The desire of the Digital.Bodleian Project was to migrate multiple silos of content – content which had been put online by the Bodleian Library at various times over the previous 15 years – into a single storage architecture, and a single delivery interface so that they could continue to sustainably support delivery of digitised content into the future.
This storage platform and user interface was built so it could also be used for new digitised content, but the initial motivation was to have a place to preserve and deliver digitised content that we already had online.
The project took approximately 3.5 years, but there was quite a long pause in the middle while the team worked on its hardware infrastructure, and made some general systems improvements across a range of projects, not just Digital.Bodleian.
The project is ongoing, and runs as a service of the Bodleian Library, managed by Bodleian Digital Library Systems and Services.
“The Bodleian has many millions of digitised images,” says Dr Matthew McGrattan Collections Delivery Architect & Acting Head of Digital Research, Bodleian Digital Library Systems and Services. “The total count is continually changing, but we have between 2.5 million and 3 million images that we have digitised ourselves, and we store at least the same number of other images of our collections that were digitised elsewhere.”
The Bodleian Library’s Imaging Services department digitises content for internal projects; for externally funded scholarly projects (such as the Polonsky Digitization Foundation); and on-demand for scholars, and for commercial organisations such as publishers and print and broadcast media.
The categories vary, and while much of the internal digitisation efforts have concentrated on special collections material such as manuscripts and rare printed books, there are also a relatively large number of images of printed books, and scans from microfilm in our archive.
Projects are managed on a number of bases with on-demand digitisation, and smaller projects, are often managed by our Imaging Services department. Larger projects such as the Polonsky Digitization Foundation project, which was co-ordinated with the Vatican library, may have a dedicated project manager and may make use of additional project management resource within Imaging Services – handling the photography – or within Bodleian Digital Library Systems and Services – handling software development, digital archiving and preservation, and image and metadata delivery.

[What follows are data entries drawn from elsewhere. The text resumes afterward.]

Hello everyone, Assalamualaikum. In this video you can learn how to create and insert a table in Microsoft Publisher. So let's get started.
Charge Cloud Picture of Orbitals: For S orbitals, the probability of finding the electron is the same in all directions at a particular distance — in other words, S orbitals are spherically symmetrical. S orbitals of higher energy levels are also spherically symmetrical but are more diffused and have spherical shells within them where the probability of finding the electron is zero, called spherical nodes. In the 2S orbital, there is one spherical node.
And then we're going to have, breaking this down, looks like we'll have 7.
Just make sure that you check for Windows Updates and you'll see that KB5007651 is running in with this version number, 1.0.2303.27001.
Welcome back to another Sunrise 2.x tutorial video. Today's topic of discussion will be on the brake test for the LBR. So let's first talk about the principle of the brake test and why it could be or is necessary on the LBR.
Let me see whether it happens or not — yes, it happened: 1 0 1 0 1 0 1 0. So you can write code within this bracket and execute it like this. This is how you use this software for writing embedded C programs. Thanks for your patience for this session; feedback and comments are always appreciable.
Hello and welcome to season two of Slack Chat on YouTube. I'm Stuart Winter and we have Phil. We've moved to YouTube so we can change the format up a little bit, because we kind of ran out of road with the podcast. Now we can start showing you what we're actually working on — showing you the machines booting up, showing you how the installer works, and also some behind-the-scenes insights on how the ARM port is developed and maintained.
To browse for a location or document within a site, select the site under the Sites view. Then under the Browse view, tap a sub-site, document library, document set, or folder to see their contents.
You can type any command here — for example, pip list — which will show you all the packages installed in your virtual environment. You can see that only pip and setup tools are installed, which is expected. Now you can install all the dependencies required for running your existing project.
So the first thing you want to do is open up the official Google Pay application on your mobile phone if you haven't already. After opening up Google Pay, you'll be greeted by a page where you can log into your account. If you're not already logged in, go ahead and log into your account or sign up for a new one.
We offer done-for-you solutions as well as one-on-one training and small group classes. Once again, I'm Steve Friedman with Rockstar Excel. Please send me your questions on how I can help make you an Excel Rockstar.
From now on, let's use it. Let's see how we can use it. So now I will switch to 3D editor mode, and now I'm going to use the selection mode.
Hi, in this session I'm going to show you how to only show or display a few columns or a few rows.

Digital.Bodleian currently delivers around 250,000 images and it is expected that this number will rise to around 700,000 in the next six months as the team migrate the bulk of the Polonsky Digitization Foundation images to Digital.Bodleian, and pick up the remainder of its legacy of on-line collections.
The remainder of the library’s archive will be put online on a collection by collection basis, depending on the copyright status of the material, the quality of the source images, and the availability of catalogue records and machine-readable metadata.
Since the library began digitising its collections 20 years ago the technology has changed and photography wise has moved from using slow scanning backs on large format cameras to using a mixture of medium format and 35mm-size full-frame digital SLRs. “This makes the image taking process quicker, but digitisation of special collections material is still a relatively cost and labour-intensive process because of the special care required when working with old or fragile material,” says Dr McGrattan. “In recent years we’ve improved the level of automation in our digitisation workflow, and we are working to roll out that workflow to a wider range of our digitisation efforts.”
For Digital.Bodleian a mixture of large format scanning backs (PhaseOne and Betterlight) have been used, medium format digital backs (primarily PhaseOne P45 and P60s), and full-frame dSLRs, with a smaller number of images coming from flatbed or film scanners.
The user interface makes use of the iNQUIRE software, developed in collaboration with Armadillo Systems, and the team makes use of IIP image servers that can provide tiled images ‘on-the-fly’ from lossless JPEG2000s, which it uses to store the deliverable images in our on-line repository. The tiling image servers make use of the DeepZoom and IIIF (http://iiif.io) Image APIs to provide a seamless pan and zoom user experience so that users of Digital.Bodleian can view high resolution images quickly and easily. The Bodleian Library also provides access to the metadata for its content using the IIIF Presentation API, and provide embeddable viewing via the Universal Viewer (developed by Digirati for the Wellcome Library and British Library).
“The user interface provides the ability for the general enthusiast to browse our content, without necessarily requiring any specialist academic knowledge of our collections,” he says. “Experts who know the collections, can of course search the metadata or access material by Shelfmark or other identifier. Both get access to very high resolution images. Our use of the IIIF APIs (http://iiif.io) provides interoperability, and our content can be embedded elsewhere using the Universal Viewer, or combined with other institutions’ content using the IIIF APIs.”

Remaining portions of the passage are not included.